Basterebbero questi numeri per consigliare un radicale ripensamento delle nostre politiche di welfare, a partire dall’esigenza di aumentare in modo ragionevole l’età di pensionamento e rendere sostenibile l’anzianità attiva. Soprattutto per cercare di aumentare la quota degli anni da trascorrere in buona salute. Molti Paesi sviluppati stanno investendo in questa direzione, anche con l’introduzione di modelli mutualistici che assicurano il sostegno ai pensionati che diventano non autosufficienti. Per evitare che queste persone passino improvvisamente da una condizione di vita dignitosa a quella di una povertà economica priva delle reti relazionali di sostegno.
Ma se diamo un’occhiata alle priorità delle agende politiche e sindacali viene il dubbio che l’analisi svolta non riguardi il nostro Paese.
In questi giorni sono aperti dei tavoli tecnici di confronto tra il Governo e le organizzazioni sindacali che hanno come oggetto principale l’anticipo con varie modalità dell’età di pensionamento e l’obiettivo di mettere a carico del bilancio pubblico una serie di oneri per finanziare le rendite pensionistiche che non hanno un corrispettivo di versamenti contributivi. Tema che trova riscontro anche in una parte significativa delle promesse elettorali delle forze politiche che fanno parte della coalizione che sostiene l’attuale Esecutivo.
Nella prima fattispecie rientrano: il pensionamento anticipato, a prescindere dall’età, con 41 anni di contributi (costo 4 miliardi di euro l’anno); il prolungamento di Quota 103 e Ape social (1,4 miliardi); il riportare a 58 anni e 35 di contributi l’anticipo dell’età di pensione con l’Opzione Donna (200 milioni); la proroga dei prepensionamenti per le aziende in ristrutturazione con oneri a carico delle imprese.
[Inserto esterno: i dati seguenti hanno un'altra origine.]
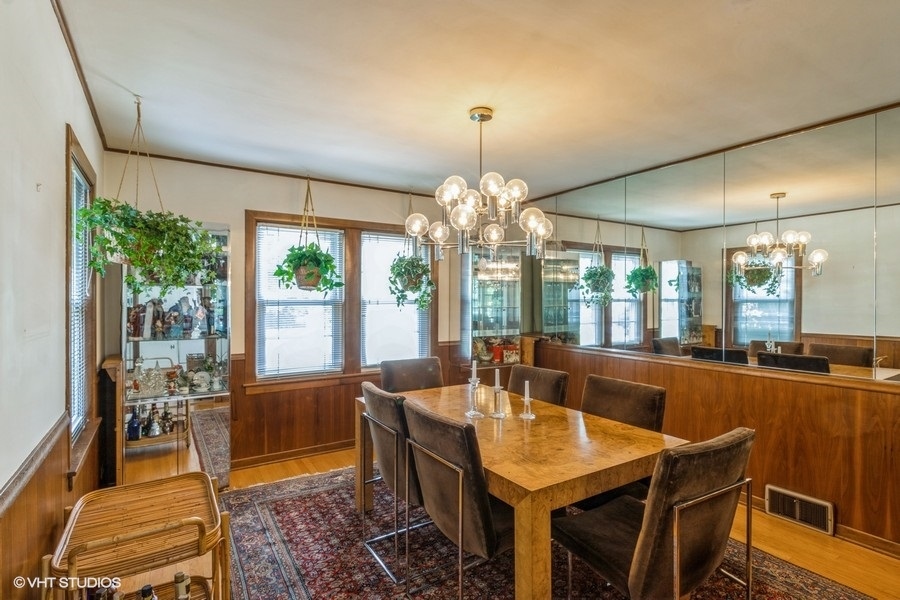 1105 N Harvard Avenue, Arlington Heights, IL 60004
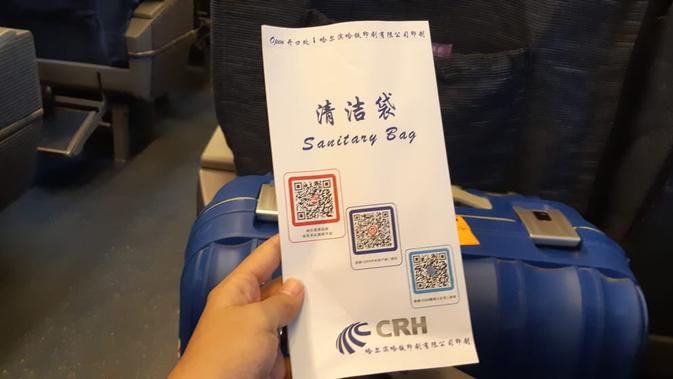 Kantung muntah di salah satu kereta cepat di China, rute Daqing to Harbin. (Liputan6.com/Tanti Yulianingsih)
Sul versante dei nuovi interventi strutturali che dovrebbero essere garantiti da risorse pubbliche, anche sul lungo periodo, vengono rivendicate: l’introduzione di una pensione minima di garanzia per i contribuenti assoggettati integralmente al calcolo contributivo della rendita pensionistica, ma che non hanno versamenti contributivi adeguati; un’ulteriore adeguamento delle pensioni minime.
Nel frattempo la stima degli effetti finanziari dell’adeguamento delle pensioni all’inflazione contenuta nella Legge di bilancio 2023 prevede un aumento della spesa di 65 miliardi per il quadriennio 2023-2026. Tutto ciò nonostante la mancata rivalutazione per le pensioni superiori a 2.500 euro che proseguirà anche nel 2024. Sul versante delle entrate contributive, lo sgravio introdotto per i redditi da lavoro inferiori ai 35 mila euro comporta una riduzione di 10 miliardi di euro anno delle entrate dell’Inps che dovranno essere compensate da trasferimenti dello Stato. In parallelo, proseguono gli sgravi contributivi per le nuove assunzioni che hanno comportato una spesa di oltre 200 miliardi a carico dell’erario nel corso del secondo decennio degli anni Duemila.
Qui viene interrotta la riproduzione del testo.